Sirkis – A primeira coisa que qualquer um dos candidatos que seja eleito que tenha um pingo de juízo e tenha acompanhado minimamente a história do Brasil nos últimos 20 anos deveria fazer seria isso.

 

No campo ambiental, o Fórum Brasileiro de Mudança Climática defende que as emissões de carbono sejam zeradas até 2060. Como seria feita essa redução?

Sirkis – Você tem formas diferentes de chegar às metas. Nós analisamos dois cenários, um em que praticamente todas as fichas estão na redução do desmatamento e ações ligadas ao uso da terra, e, outro, em que você já tem um esforço significativo de redução de emissões por queima de combustível fóssil, sobretudo no transporte. E esse segundo é o que a gente recomenda, porque ele não só é mais compatível com uma estratégia de longo prazo, como ele também tem uma série de efeitos colaterais positivos no meio ambiente local, dinamiza melhor economia.

 

Essas propostas têm sido entregues aos presidenciáveis. Como tem sido a recepção?

Sirkis – O primeiro a receber foi o Álvaro Dias [Podemos], depois a Marina Silva [Rede] e o Geraldo Alckmin [PSDB]. Estou tentando marcar com o Ciro Gomes [PDT], com o Boulos [PSOL], querendo marcar logo com o Haddad [PT]. E, evidentemente, se coloca o problema do Bolsonaro, que anunciou que vai sair do Acordo de Paris. Mas nós estamos dispostos a dialogar com todo mundo, para mostrar que os candidatos mais identificados com a direita que a questão climática não é uma questão de esquerdas e direitas.

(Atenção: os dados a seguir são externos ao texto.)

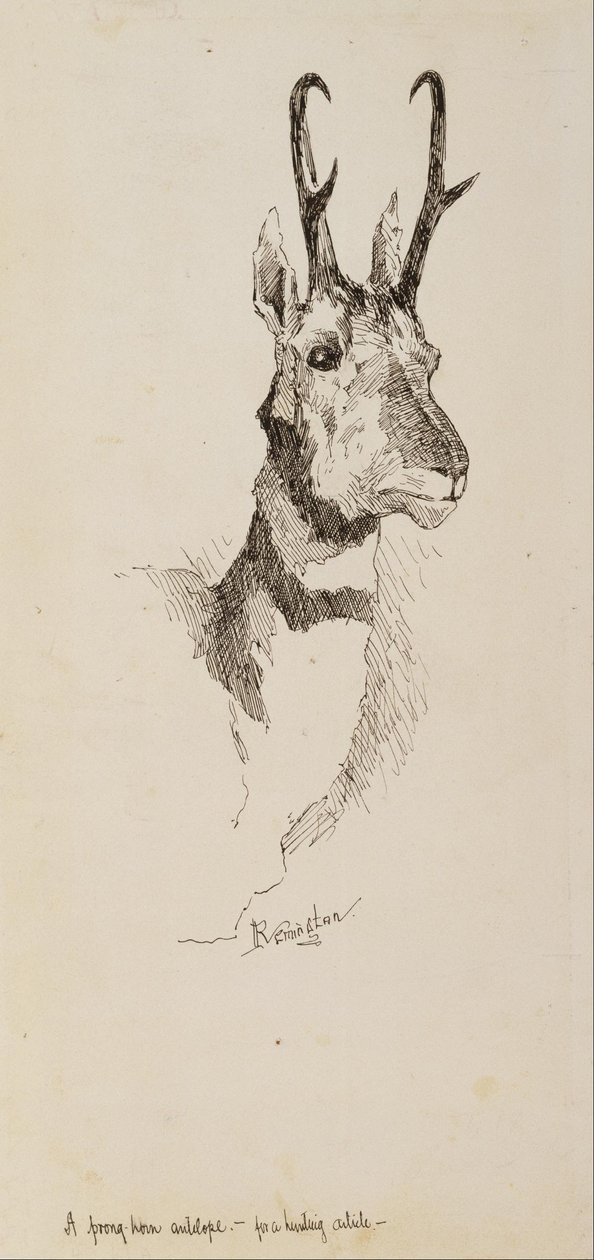 Antilopa pronghorn od Frederic Remington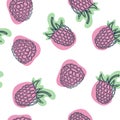 Raspberry seamless vector pattern. Background design. Best for wrapping paper. Royalty Free Stock Photo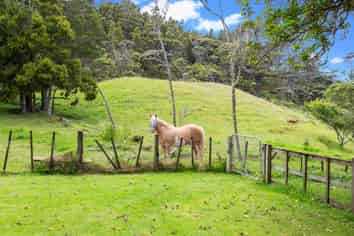 161 Horsman Road, Waitakere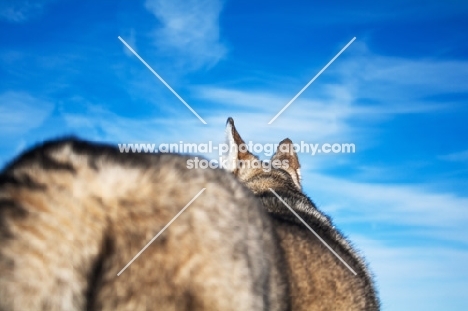 Husky from behind against blue sky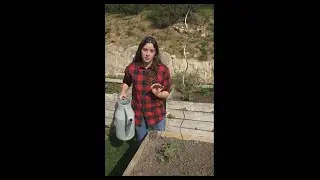 Cultiver ses tomates  : l'eau et le sol !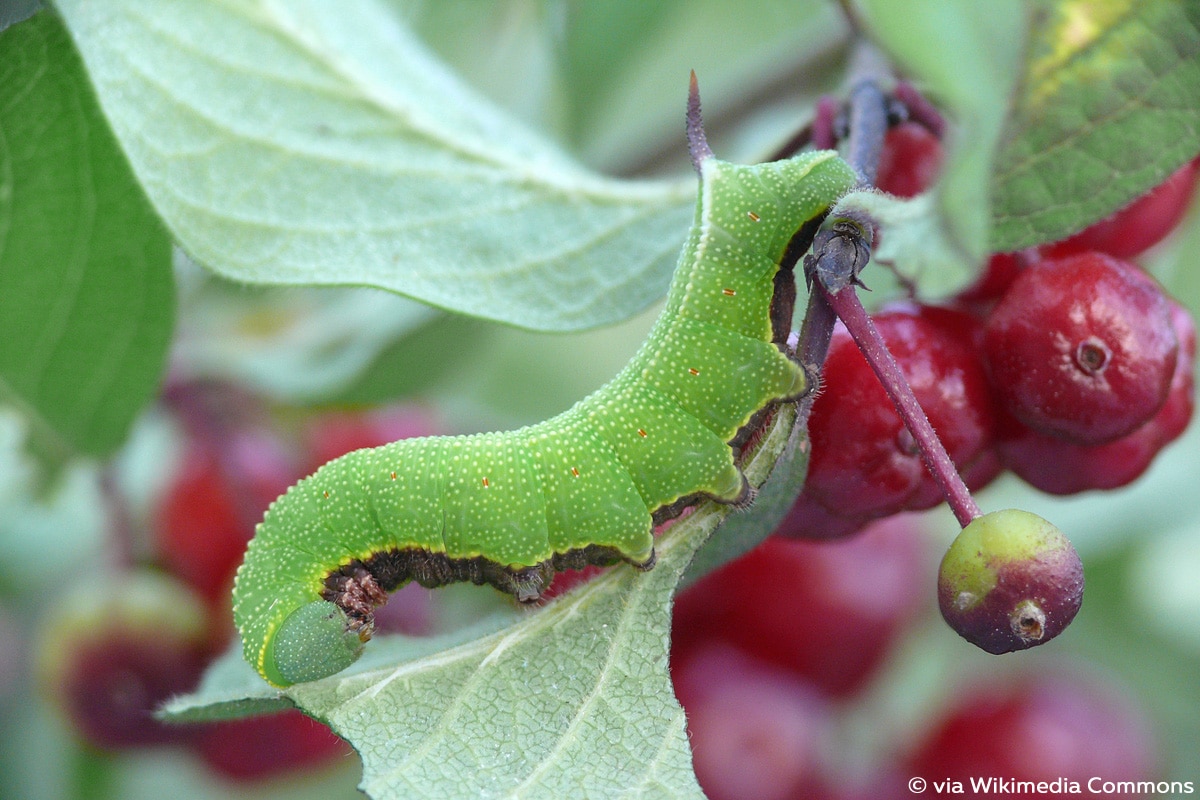 Hummelschwärmer (Hemaris fuciformis), Raupen mit Horn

Na Europa, por exemplo, a direita tem uma postura extremamente preocupada com as questões climáticas, a Angela Merkel [chanceler da Alemanha], da Theresa May [primeira-ministra do Reino Unido]. As questões climáticas têm que ser um consenso: ou fazemos isso ou condenamos nossos netos e bisnetos a um inferno na Terra.

 

Como governar de maneira sustentável com o lobby da bancada ruralista, uma das mais fortes da Câmara?

Sirkis – A atual bancada ruralista não representa os interesses da moderna agricultura brasileira. Há uma representação desproporcional de interesses que estão aí no limite da criminalidade, como especulador de terreno, gente que desmata pra poder vender e especular, ou o desmatador ilegal, que corta árvore para vender madeira ilegalmente. Esses grupos representam os cabos eleitorais que conseguem os 500 votos que o cara precisa numa localidade, os 300 na outra. O setor mais dinâmico, internacionalmente conectado da agricultura brasileira, tem consciência de que a ação desses interesses é prejudicial, porque cada vez mais o mercado internacional vai querer saber a origem dos produtos. O problema é que eles são meio intimidados por esse outro segmento. Mas na questão climática propriamente dita, há lideranças do setor com as quais a a gente tem divergências em outras questões têm uma postura mais aberta quando se trata de clima, como por exemplo o Blairo Maggi [ministro da Agricultura], a Kátia Abreu [senadora pelo PDT-TO, candidata a vice de Ciro Gomes].